主人公キッドが、なぜモンキーの仮面をかぶっているのか。それはインド神話における神猿ハヌマーンに由来する。知恵、強さ、勇気、献身、自由の象徴であるハヌマーンは西遊記の孫悟空のモデルになったとされている。

これを知っていると『モンキーマン』が少年ジャンプ的にも見えてくる。

孫悟空が主人公の「ドラゴンボール」はもちろんだが、「ONE PIECE」のモンキー・D・ルフィもハヌマーンが元ネタとも言われている。

デヴ・パデル監督自身、「現代のコミックが東洋哲学にインスピレーションを得ていることに驚いた」と発言していることからも、本作におけるコミックヒーロー像は意識的だったのかもしれない。

主人公に宿敵がいる。戦いに敗れ、強くなるために修行する。その過程で仲間が増えていく。そしてある日、悟りを開いたかのように覚醒する。こう書くと『モンキーマン』も非常にマンガ的でわかりやすい。

宗教観に加え登場人物の背景など順序立てた説明を省いている。しかし、この映画は明確ではないが、明瞭なストーリー展開なのだ。だからマンガを一気に読むような感覚で鑑賞できるのだ。

しかし、少年マンガ的要素だけでは終わらない。
『モンキーマン』は復讐を遂げるための物語。根源的に怒りがある。
それは宿敵に向けたものだけでなく、社会構造全体へ向けたもの。それは時折挟み込まれるニュース映像で明らかだ。

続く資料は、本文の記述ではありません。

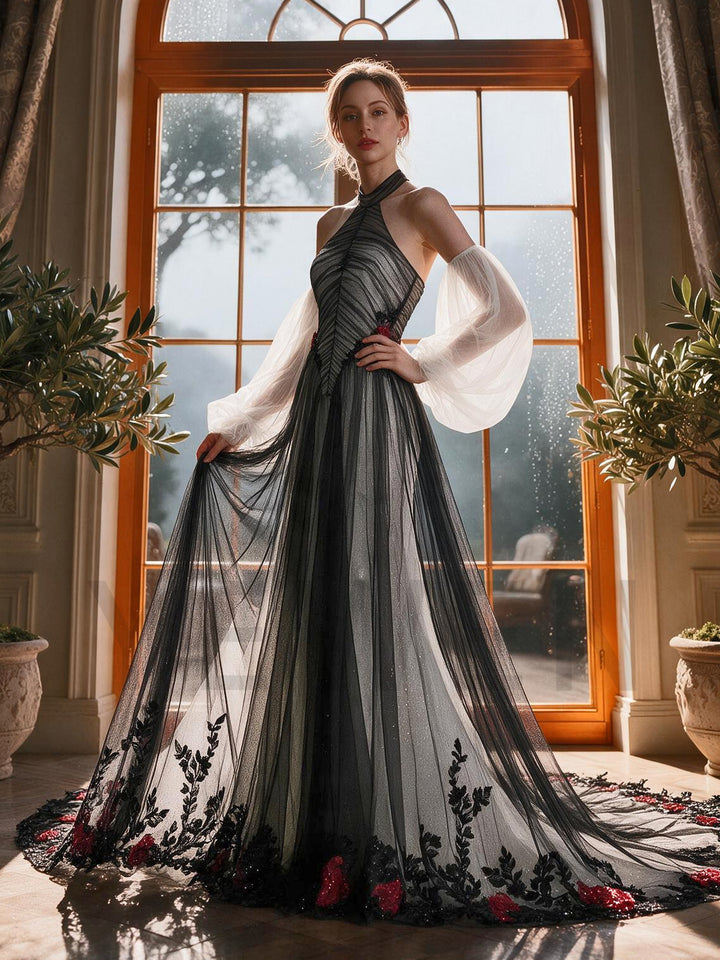 Halter Sheer Mesh Floral Evening Gown with White Tulle Sleeves YX26102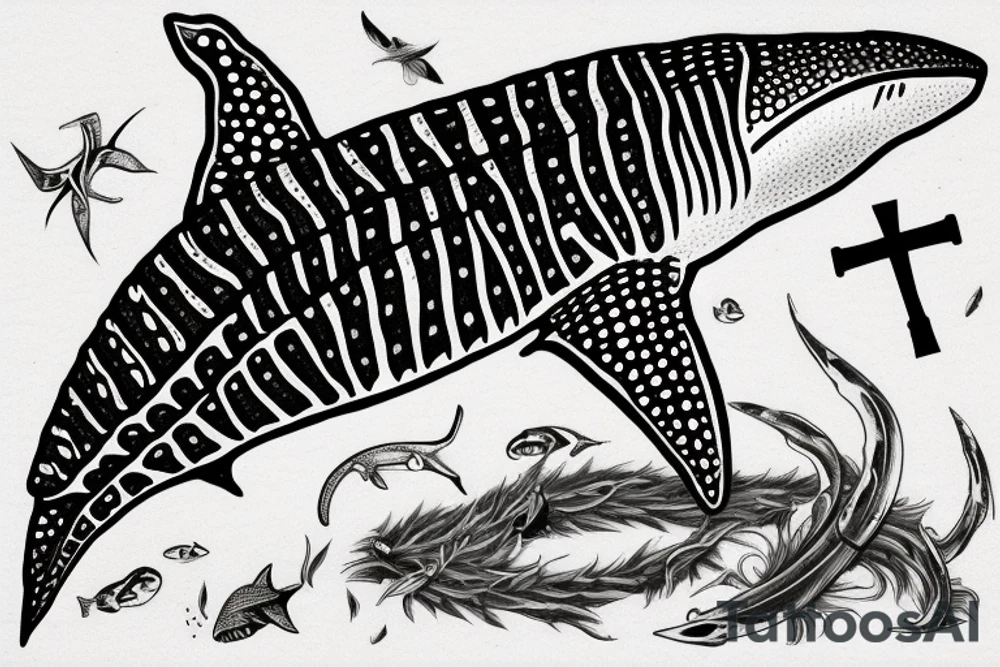 whale shark with a scythe and a cross tattoo idea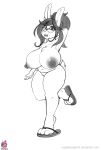  2018 3_toes absurd_res anthro areola big_breasts breasts darkhazard eyewear female glasses hair hand_behind_head hi_res huge_breasts lagomorph looking_at_viewer mammal nipples open_mouth pussy rabbit simple_background solo toes 
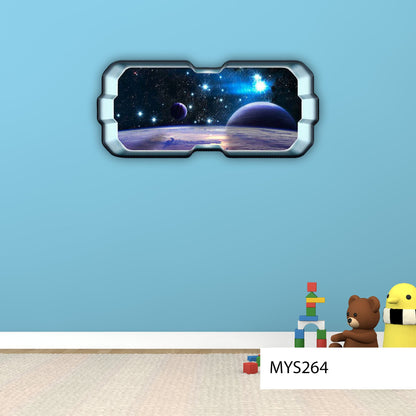 Galaxy Wall Decal, Space Window Sticker, Spaceship Window Mural, Galaxy Wall Sticker, Bedroom Decor, Planet Art Decal, Spaceship Control
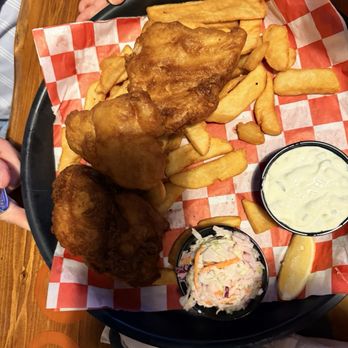 Bonefish Mac's Sports Grille - Fish and chips. She brought half home. - American Near Me - Lighthouse Point, Florida Bonefish Mac's Sports Grille - Fish and chips. She brought half home. - American Near Me - Lighthouse Point, Florida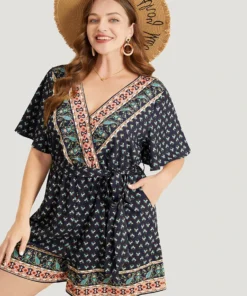 Bandana Print Wrap Ruffle Sleeve Pocket Belted Romper -Clothing Shop 483081316 og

インドにおける貧困差別問題、売春、ドラッグ、公職による不正といった都市部の腐敗。

BRICSと評され世界が注目し成長著しいインド。舞台は架空の都市としているものの、これからどんどん豊かな国になるんだろうなというイメージは、まやかしのインドだという風刺が随所に盛り込まれている。

劇中の虐げられている女性をはじめとした弱者たちは「助けて」とは言わない、言えないのだ。声にならない声が、その表情を見るだけで十分伝わってくる。しかし弱者たちも声を上げて戦わなければならない。過去を壊さないと成長はないのだ。

デヴ・パテルを世界的に有名にした『スラムドッグ$ミリオネア』。この作品もスラム育ちの青年が身の潔白を主張する姿を通じてインド社会の現実を描いたものだった。ムンバイ同時多発テロの際、人質となった宿泊客を救おうとしたホテルマンたちの姿を描いた『ホテル・ムンバイ』で出演兼製作総指揮を経て、今作がロンドン生まれの褐色の俳優の初監督作品となった。歌や踊りはないが『モンキーマン』は紛れもなくインド映画だ。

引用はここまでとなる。